ST. george – A 23-year law enforcement veteran and former department captain has been sworn in as Utah Tech University’s interim police chief.
Ronald Bridge leads an agency focused on excellence, which is reflected in the international recognition the department received in June.
Bridges, the school’s former police captain, was sworn in as interim chief of the Utah Tech University Police Department by St. George Police Chief Kyle Whitehead in an Aug. 5 ceremony.
In an interview with the St. George News, Bridge said he asked Whitehead to do the award because they work closely with the St. George Police Department on many occasions and have a good working relationship with local law enforcement. agencies in the region.
The path to becoming the new interim chief began a few months ago after former police chief Blair Barfus accepted a position with another university police department on the north side. That’s when Utah Tech began the process of selecting a new interim chief internally, Bridge said.

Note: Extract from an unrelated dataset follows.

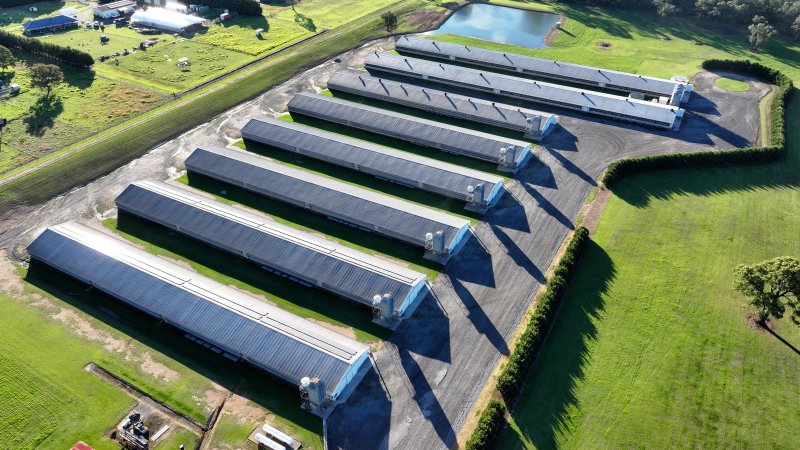 Yanderra Turkey Farm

It was then that he decided to apply for the position.
Bridges joined the Utah Tech Police Department in 2018 as an administrative sergeant, Barfus said shortly after he was named the department’s police chief. Bridge and Barfus have worked together for years as part of the Internet Crimes Against Children Task Force, or ICAC, a multi-jurisdictional task force that targets individuals who use the Internet to exploit children.
Within a few weeks of completing the application process, Bridge said he received the call he was hoping for – he was the chosen candidate. The call drew an emotional response, accompanied by a deep sense of pride, for being chosen to lead a unit of six officers and 13 reserve officers serving with law enforcement agencies in Washington County.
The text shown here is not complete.